ECLI:NL:CRVB:2007:BB7584
Centrale Raad van Beroep
- Hoger beroep
- G.J.H. Doornewaard
- J. Brand
- J.P.M. Zeijen
- Rechtspraak.nl
Herziening van WAO-uitkering en beoordeling van arbeidsongeschiktheid
In deze zaak gaat het om het hoger beroep van appellant tegen de uitspraak van de rechtbank Leeuwarden, waarin de rechtbank het bezwaar van appellant tegen de herziening van zijn WAO-uitkering door het Uwv ongegrond verklaarde. Appellant, die na een ernstig auto-ongeluk in 1997 met psychische klachten uitviel voor zijn werk, had eerder een WAO-uitkering gekregen op basis van 80% of meer arbeidsongeschiktheid. Het Uwv had deze uitkering per 30 december 2003 herzien naar 65-80% arbeidsongeschiktheid. De rechtbank oordeelde dat de beschikbare medische gegevens onvoldoende aanleiding gaven om te twijfelen aan de door de verzekeringsarts vastgestelde belastbaarheid van appellant.

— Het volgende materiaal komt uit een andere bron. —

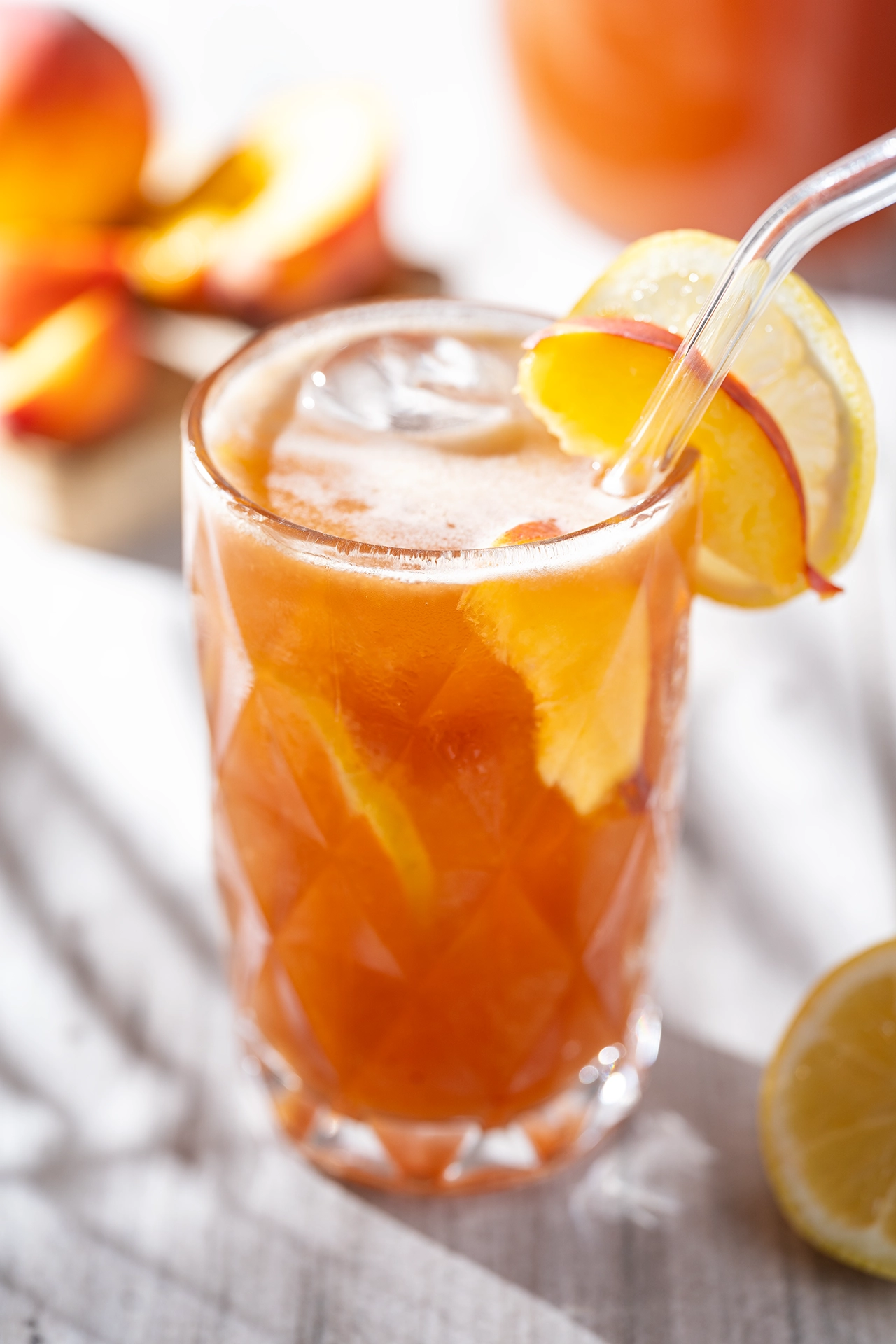 Selbstgemachter Pfirsich-Eistee - zuckerfrei, gesund und lecker 2 Pfirsich-Eistell in gesund un lecker mit Eiswürfeln im Glas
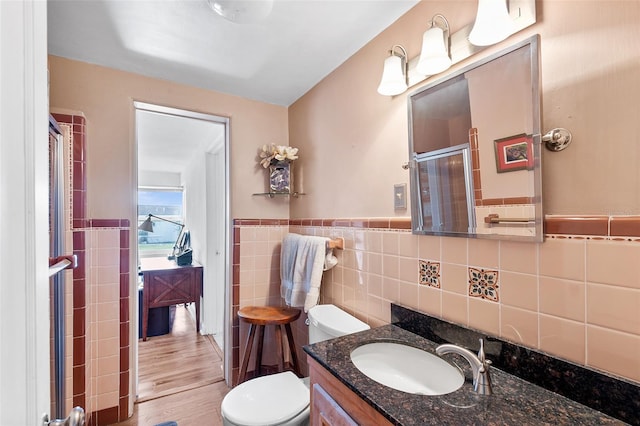 bathroom with tile walls, a shower with shower door, vanity, toilet, and hardwood / wood-style floors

De Centrale Raad van Beroep bevestigde de uitspraak van de rechtbank. De Raad overwoog dat de verzekeringsarts in zijn rapport van 3 oktober 2003 voldoende rekening had gehouden met de klachten van appellant, en dat er geen nieuwe medische gegevens waren ingediend die de eerdere bevindingen konden onderbouwen. Appellant had gesteld dat zijn klachten medisch geobjectiveerd waren en dat hij meer beperkt was dan in de Functionele MogelijkhedenLijst (FML) was vastgelegd. De Raad oordeelde echter dat de door appellant ingebrachte gegevens niet voldoende waren om de eerdere conclusies van de verzekeringsarts te weerleggen.
De Raad concludeerde dat de belasting in de aan de schatting ten grondslag gelegde functies de grenzen van appellants belastbaarheid niet overschreed. De grief van appellant over het gebruik van een reductiefactor bij deeltijd functies werd door het Uwv afdoende weerlegd. De Raad zag geen aanleiding om de uitspraak van de rechtbank te vernietigen en bevestigde deze, zonder termen voor proceskostenveroordeling.